However, after a time, they were allowed to depart, an attempt made to take their horses from them being prevented by the induna of the Zulus.
Sir Bartle Frere does not seem to have thought very much of the matter at first, for Sir M. Hicks-Beach, when acknowledging his despatch reporting it, says (2220, p. 320): “I concur with you in attributing no special importance to the seizure and temporary arrest of the surveyors, which was partly due to their own indiscretion, and was evidently in no way sanctioned by the Zulu authorities.”
But a little later—although with no fresh facts before him—Sir B. Frere takes a very different tone (2222, p. 176).
“I cannot at all agree with the lenient view taken by the Lieut.-Governor of this case. Had it stood quite alone, a prompt apology and punishment of the offenders might have been sufficient. As the case stands, it was only one of many instances of insult and threatening, such as cannot possibly be passed over without severe notice being taken of them. What occurred,” he says, “whether done by the king’s order, or only by his border-guards, and subsequently only tacitly approved by his not punishing the offenders, seems to me a most serious insult and outrage, and should be severely noticed.”
There is no sign that it was ever brought to the king’s knowledge, and when Sir B. Frere speaks of its being “only one of many instances of insult and threatening,” he is drawing largely on his imagination, as there is no other recorded at all, unless he means to refer to the “notices to quit” in the disputed territory of which we have already treated.
We must now consider the points connected with the internal management of the Zulu country, which have generally been looked upon as a partial excuse for our invasion. Foremost amongst these is the infraction of the so-called “coronation promises,” of which we have spoken in a previous chapter. Frequent rumours were current in Natal that the king, in defiance of the said promises, was in the habit of shedding the blood of his people upon the smallest provocation, and without any form of trial. Such stories of his inhuman atrocities were circulated in the colony that many kind-hearted and gentle people were ready to think that war would be a lesser evil. Yet, whenever one of these stories was examined into or traced to its source, it turned out either to be purely imaginary, or to have for its foundation some small act of more or less arbitrary authority, the justice of which we might possibly question, but to which no one would apply the words “barbarities,” “savage murders,” etc.
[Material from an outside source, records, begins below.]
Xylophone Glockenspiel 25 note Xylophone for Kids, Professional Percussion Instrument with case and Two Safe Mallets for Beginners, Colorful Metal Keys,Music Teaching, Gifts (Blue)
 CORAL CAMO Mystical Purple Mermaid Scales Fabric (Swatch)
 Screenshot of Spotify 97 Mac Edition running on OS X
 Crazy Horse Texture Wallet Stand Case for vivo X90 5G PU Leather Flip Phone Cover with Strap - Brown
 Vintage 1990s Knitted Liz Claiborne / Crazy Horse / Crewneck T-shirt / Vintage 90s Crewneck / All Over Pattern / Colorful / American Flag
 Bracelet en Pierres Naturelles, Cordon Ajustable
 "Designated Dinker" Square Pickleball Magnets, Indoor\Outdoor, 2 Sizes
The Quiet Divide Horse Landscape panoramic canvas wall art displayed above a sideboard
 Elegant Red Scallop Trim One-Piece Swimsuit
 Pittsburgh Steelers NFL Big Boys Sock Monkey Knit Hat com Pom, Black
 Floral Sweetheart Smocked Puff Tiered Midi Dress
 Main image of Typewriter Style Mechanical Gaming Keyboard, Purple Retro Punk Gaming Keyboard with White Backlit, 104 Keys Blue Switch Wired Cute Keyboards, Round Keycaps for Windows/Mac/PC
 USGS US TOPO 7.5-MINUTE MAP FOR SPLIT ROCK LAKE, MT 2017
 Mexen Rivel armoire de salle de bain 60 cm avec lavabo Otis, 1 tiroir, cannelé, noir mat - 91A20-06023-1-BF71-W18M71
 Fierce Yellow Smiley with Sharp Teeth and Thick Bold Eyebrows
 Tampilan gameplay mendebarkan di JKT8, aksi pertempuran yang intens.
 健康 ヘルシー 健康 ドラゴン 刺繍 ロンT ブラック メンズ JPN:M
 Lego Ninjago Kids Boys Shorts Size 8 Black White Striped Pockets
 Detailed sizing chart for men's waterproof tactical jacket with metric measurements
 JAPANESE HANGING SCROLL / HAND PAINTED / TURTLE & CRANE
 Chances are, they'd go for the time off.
An instance of the manner in which the Zulu king has obtained his character of “a treacherous and bloodthirsty sovereign,”[97] came under the notice of the present writer about December of last year (1878). Happening to be on a visit to some friends in Pietermaritzburg, and hearing them mention Cetshwayo’s cruelties, I observed that I did not much credit them, as I had never yet met anyone who knew of them from any trustworthy source. I was met with the assurance that their “kitchen-Kafir,” Tom, from whom they had received their accounts, was a personal witness, having himself escaped from a massacre, and they vouched for the truthfulness of the man’s character. I asked and obtained permission to question the man in his own language, being myself anxious to find any real evidence on the subject, especially as, at that time—with military preparations going on on every side—it was apparent to all that “we” intended war, and one would have been glad to discover that there was any justification for it on our side. The same evening I took an opportunity of interrogating “Tom,” saying, “So I hear that you know all about this wicked Zulu king. Tell me all about it.” Whereupon the man launched out into a long account of the slaughter of his people, from which not even infants were spared, and from which he was one of the few who had escaped. He had plainly been accustomed to tell the tale (doubtless a true one), and there were touches in it concerning the killing of the children which showed that he had been in the habit of recounting it to tender-hearted and horror-struck English mothers. When he had finished his tale I asked him when all the horrors which he had described had taken place. “Oh!” he replied, “it was at the time of the fight between Cetshwayo and Umbulazi (1856); that was when I left Zululand.”
“And you have never been there since?”
“No; I should be afraid to go, for Cetshwayo kills always.”